Firstly, we will make a matrix to represent the maze, and the elements of the matrix will be either 0 or 1. The matrix for the maze shown above is:. Now, we will make one more matrix of the same dimension to store the solution. Its elements will also be either 0 or 1. The matrix representing the solution is:. Thus, we now have our matrices.

Next, we will find a path from the source cell to the destination cell and the steps we will take are:. Thus, the summary is that we try to move to the other cell down, right, up, and left from the current cell and if no movement is possible, then just come back and change the direction of the path to another cell. If it is the destination cell then our puzzle is already solved.

If not, then we are checking if it a valid cell to move or not. A valid cell must be in the matrix i. If it is a valid move then we are free to take it and move to the next cell. If it doesn't give us the solution then we will move to the rightward cell, and similarly to the upward and the leftward cells.

April 9, 2037

Algorithm to solve a rat in a maze You know about the problem, so let's see how we are going to solve it. The matrix for the maze shown above is: 0 1 0 1 1 0 0 0 0 0 1 0 1 0 1 0 0 1 0 0 1 0 0 1 0 Now, we will make one more matrix of the same dimension to store the solution. The matrix representing the solution is: 1 0 0 0 0 1 1 1 1 0 0 0 0 1 0 0 0 0 1 1 0 0 0 0 1 Thus, we now have our matrices.

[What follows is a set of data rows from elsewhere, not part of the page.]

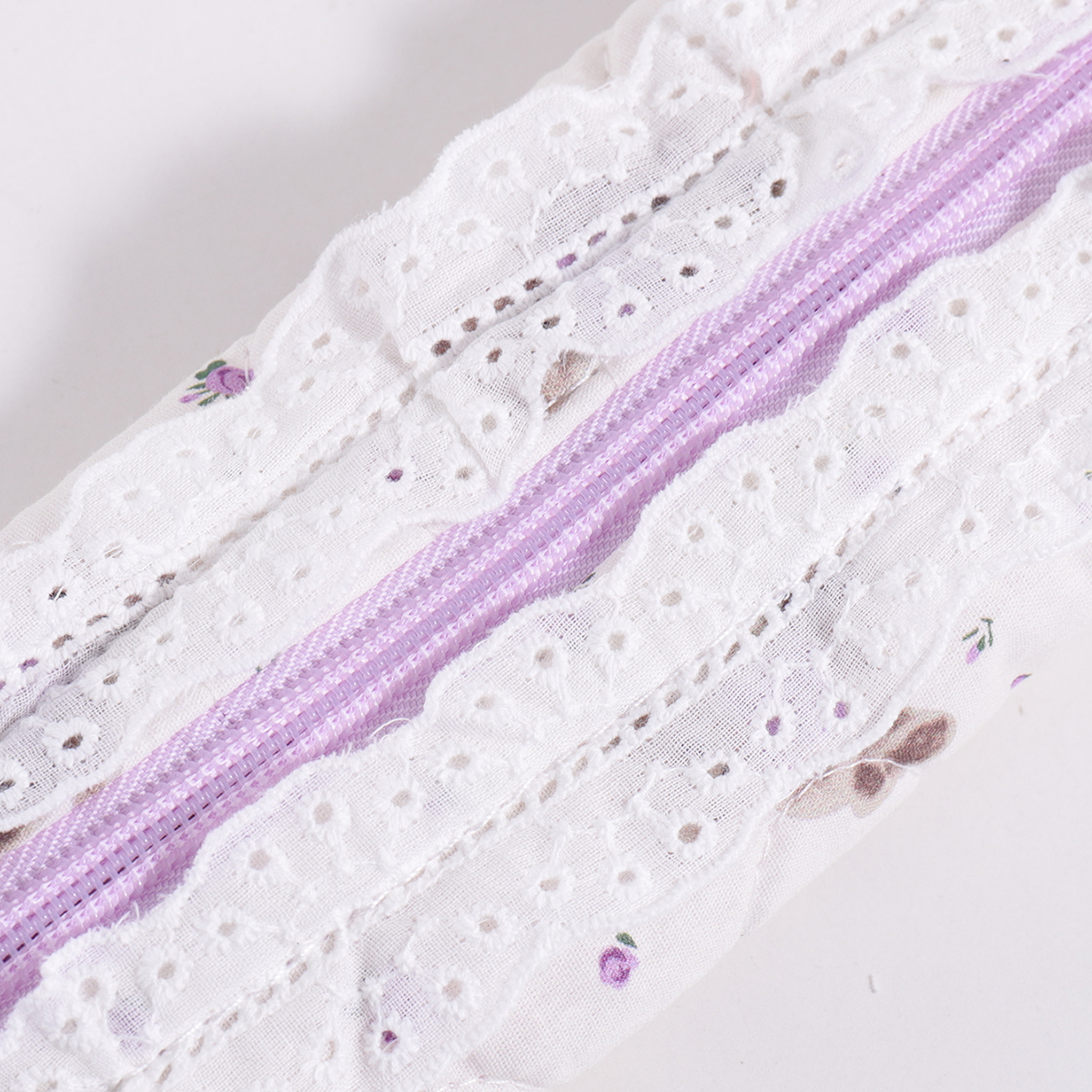 1 pc embroidered lace pencil b - đánh giá và giá Stationery Office And School Supply Stores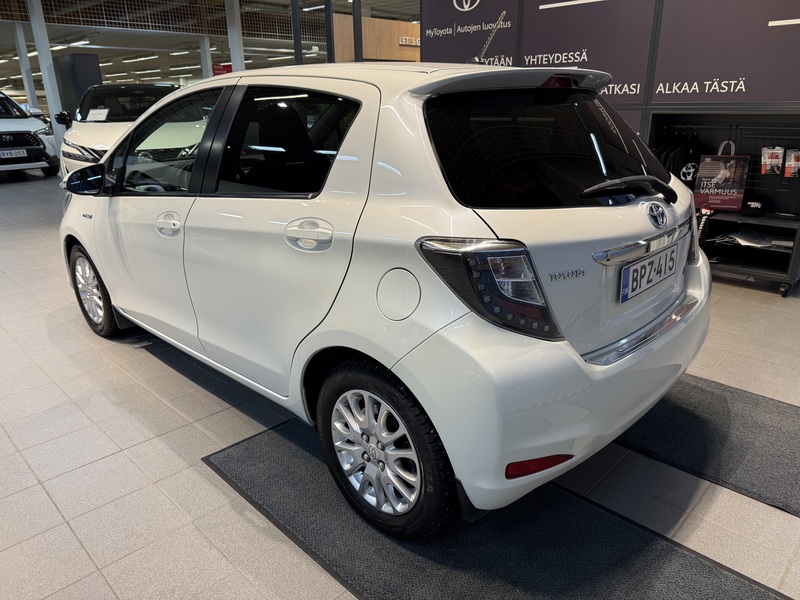 Toyota Yaris vaihtoauto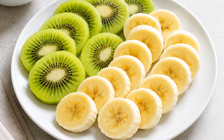 Kiwi hay chuối: Loại nào tốt hơn cho đường ruột?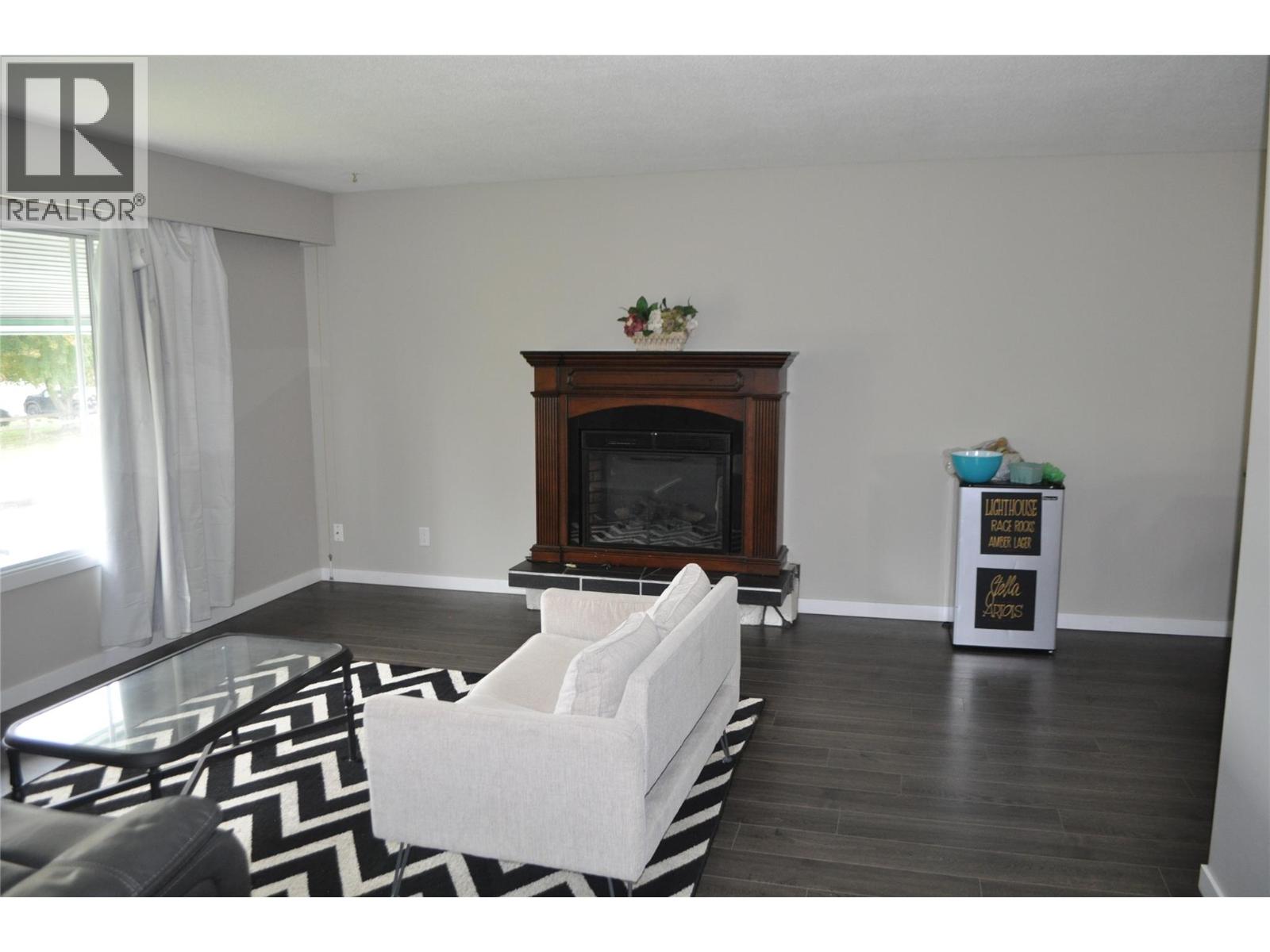 645 Pinetree Road, Kelowna, British Columbia  V1X 3G3 - Photo 9 - 10401028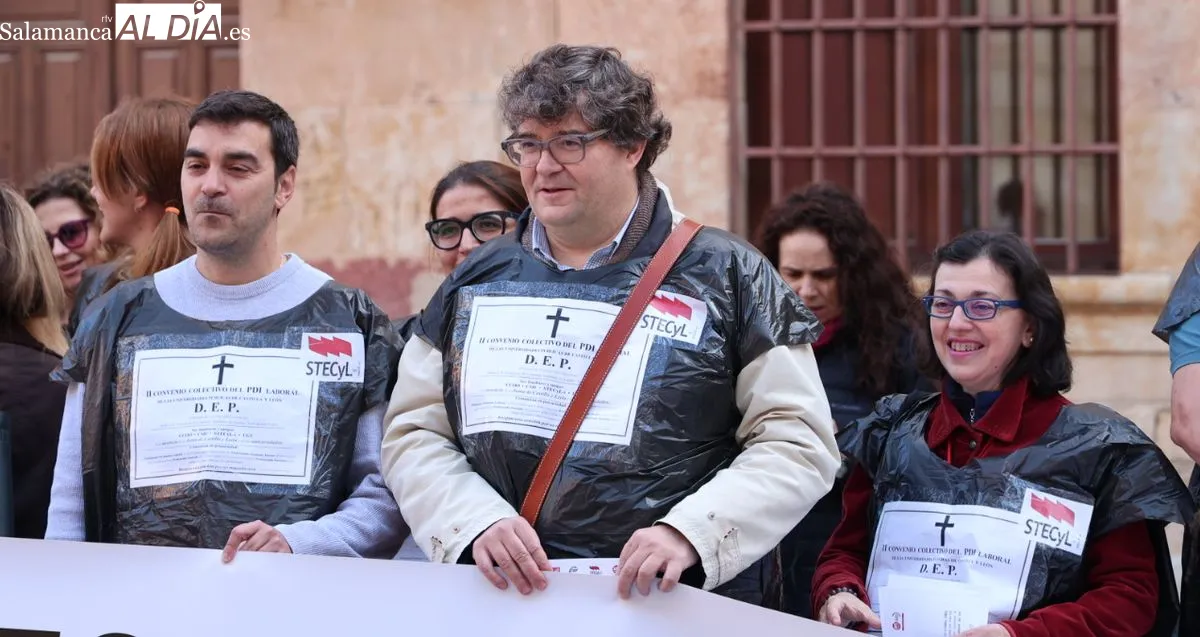 Entierro simbólico en el Patio de Escuelas con el que los docentes laborales de la USAL exigen su tercer convenio. Foto de David Sañudo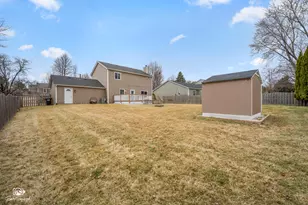 90 Arbor Ave, Sugar Grove, IL 60554 - Photo 33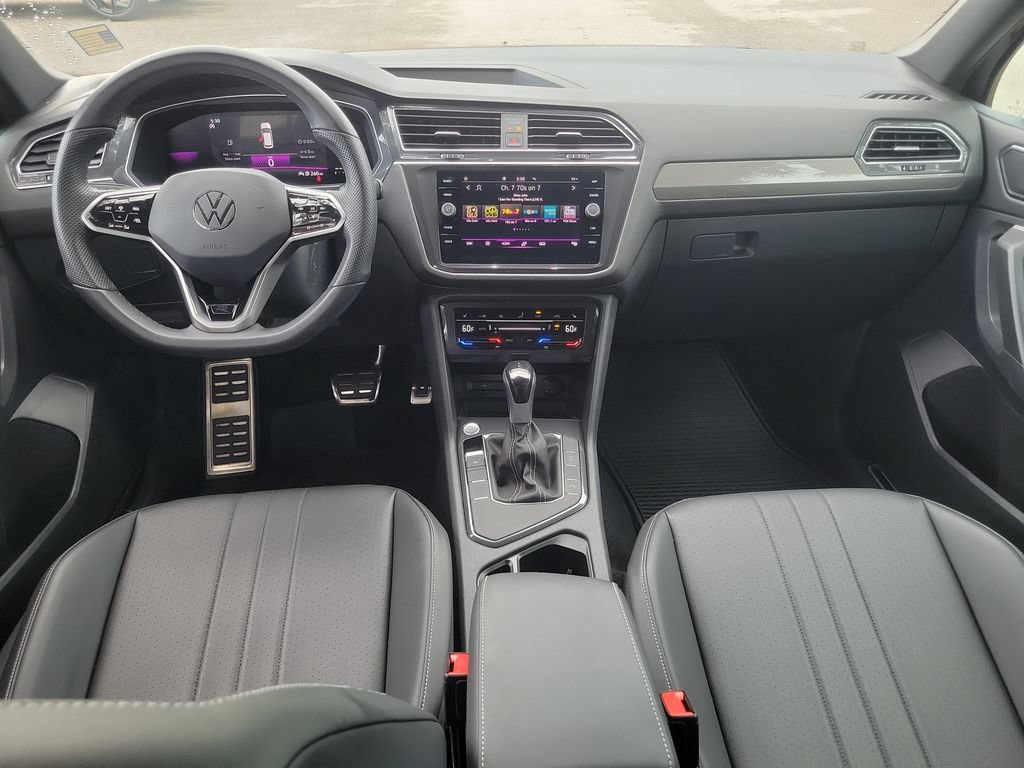 Certified 2023 Volkswagen Tiguan SE R-Line FWD image 3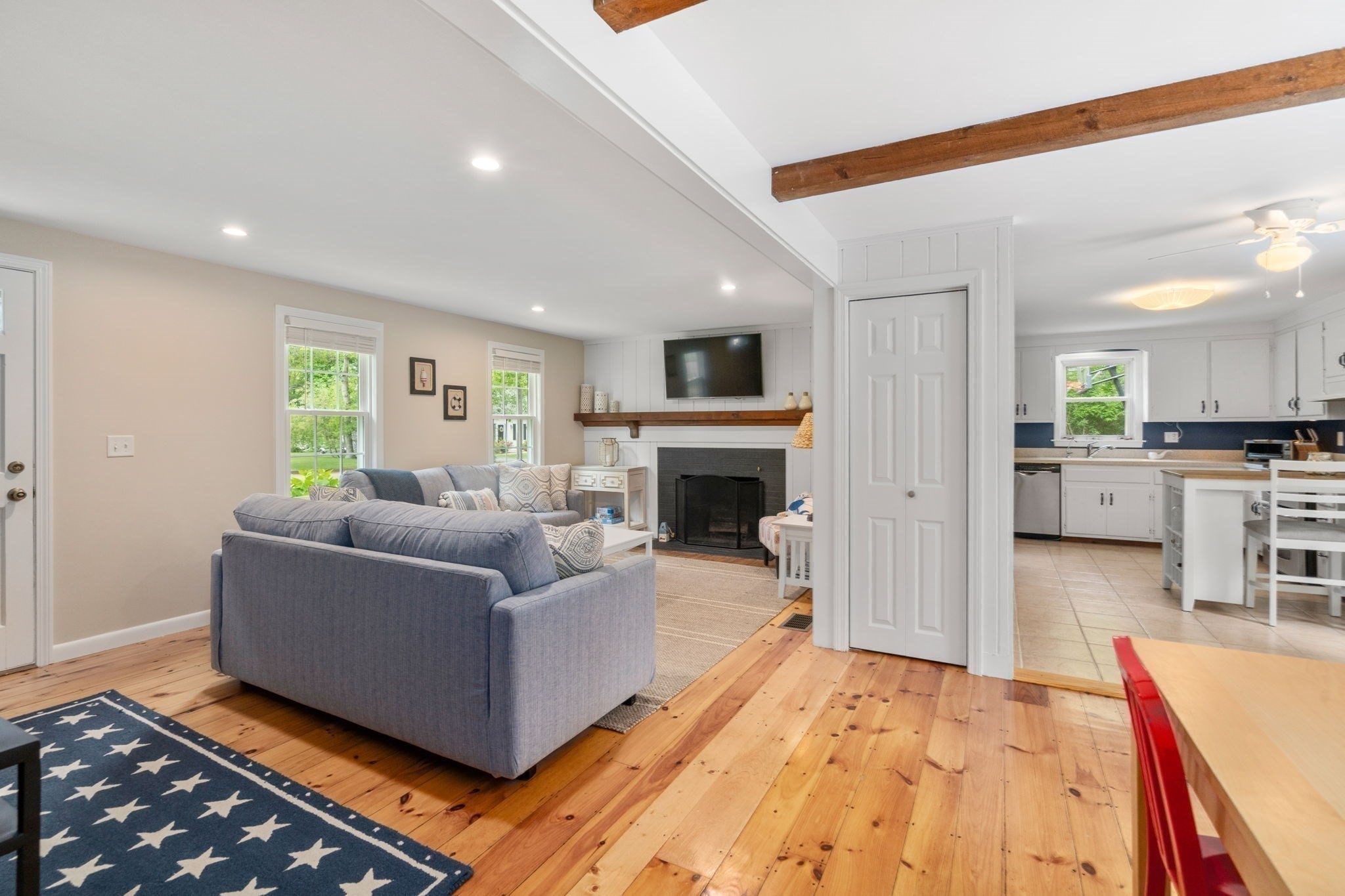 24 E Harbor Dr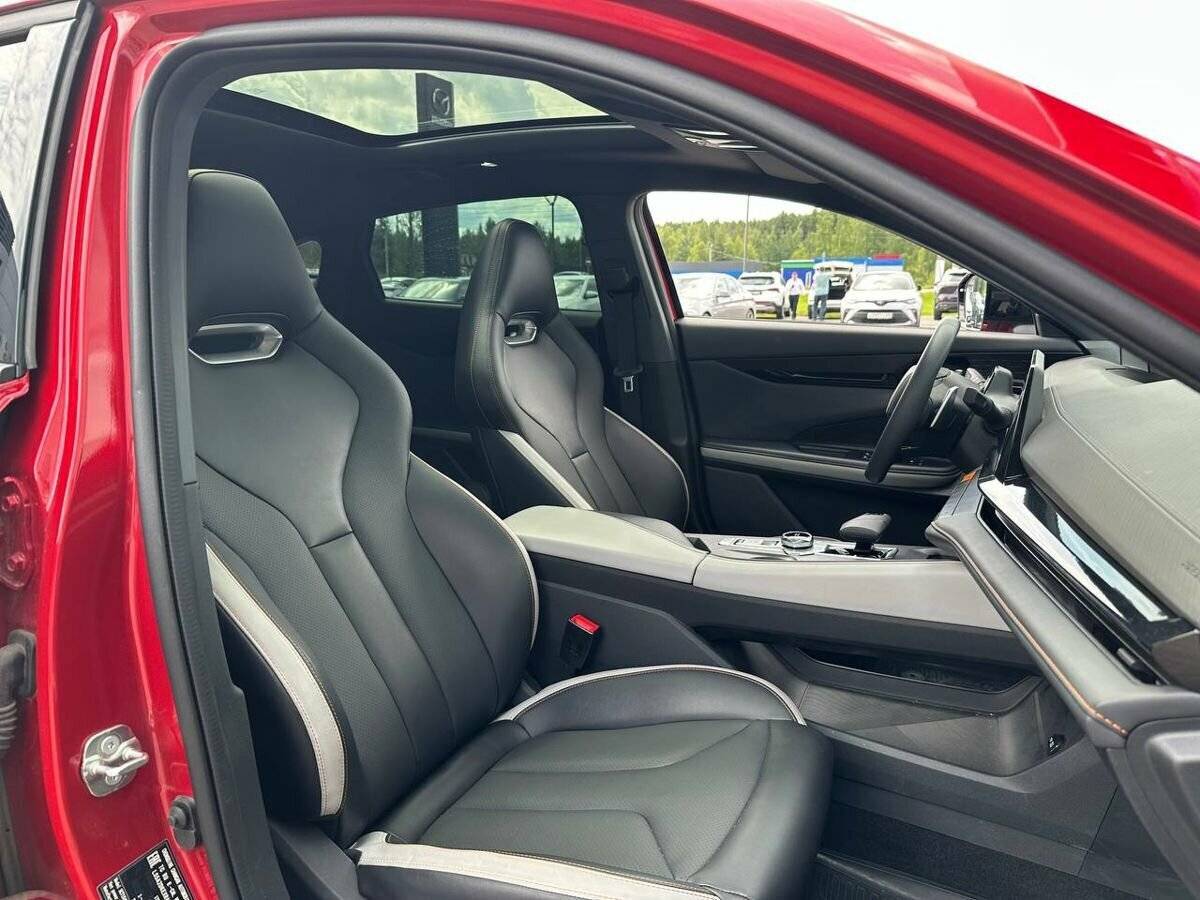 Changan UNI-V 2024 года с пробегом. Фото: #18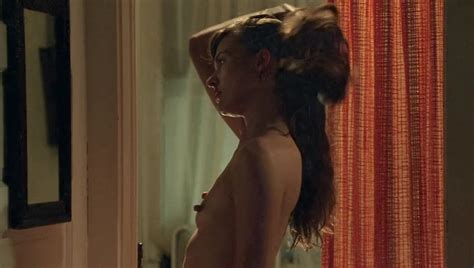 Milla Jovovich Nipples 34
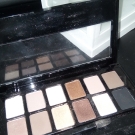 Swatch de bea.agt : Palette ombre à paupières The Nudes, Maybelline New York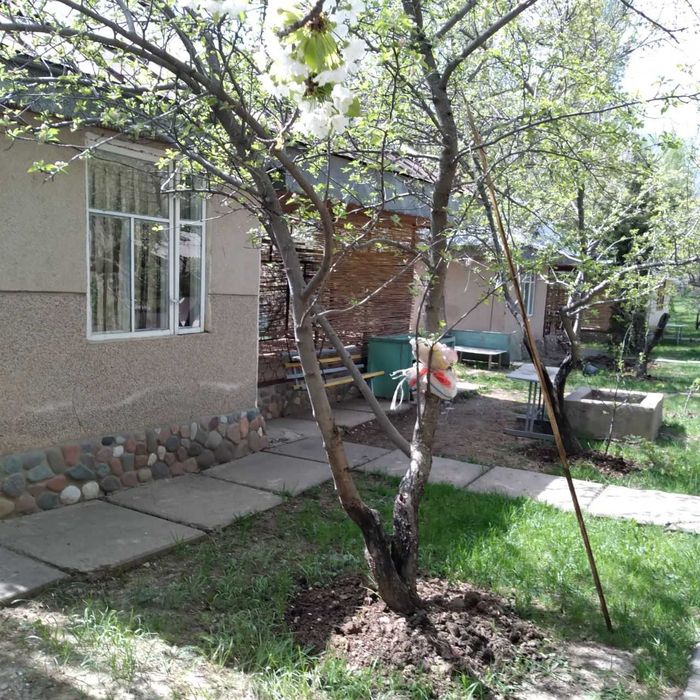 Продается дача 8+30 сот  в горах Хумсан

Next, we will find a path from the source cell to the destination cell and the steps we will take are: Check for the current cell, if it is the destination cell, then the puzzle is solved. If not, then we will try to move downward and see if we can move in the downward cell or not to move in a cell it must be vacant and not already present in the path. If we can move there, then we will continue with the path taken to the next downward cell.

If not, we will try to move to the rightward cell. And if it is blocked or taken, we will move upward. Similarly, if we can't move up as well, we will simply move to the left cell.

If none of the four moves down, right, up, or left are possible, we will simply move back and change our current path backtracking.For a maze generated by this taskwrite a function that finds and displays the shortest path between two cells. Note that because these mazes are generated by the Depth-first search algorithm, they contain no circular paths, and a simple depth-first tree search can be used. The maze is read from the standard input. Generator and solver combined.

The generator is the same found in Maze generation. Run it. When the path splits each possibility gets its own process that checks if it is the correct one or a dead end. The following code works with the solution from Maze Generation. The following Unicon-only solution is a variant of the above. It shares the same maze generation code and maze display code with the above but spawns threads to parallelize the searching.

The algorithm runs each path to a dead end, a target, or a length greater than the current shortest path to a target and works if there are multiple target cells, multiple paths to those targets, or cyclic paths. The shortest solution path is then marked and displayed. Due to reports that the program failed, the generation and solver are shown together. The display verb was extended to include a dyadic definition. The complete program was tested with j 8. Animated: generating and solving. To start solving, click to choose a 'start' and an 'end' points. Go here to see it in action. Solution generated by this program when passed maze. Using the maze produced in Maze generation PicoLispthis finds the shortest path from the top-left cell 'a8' to the bottom-right exit 'k1':.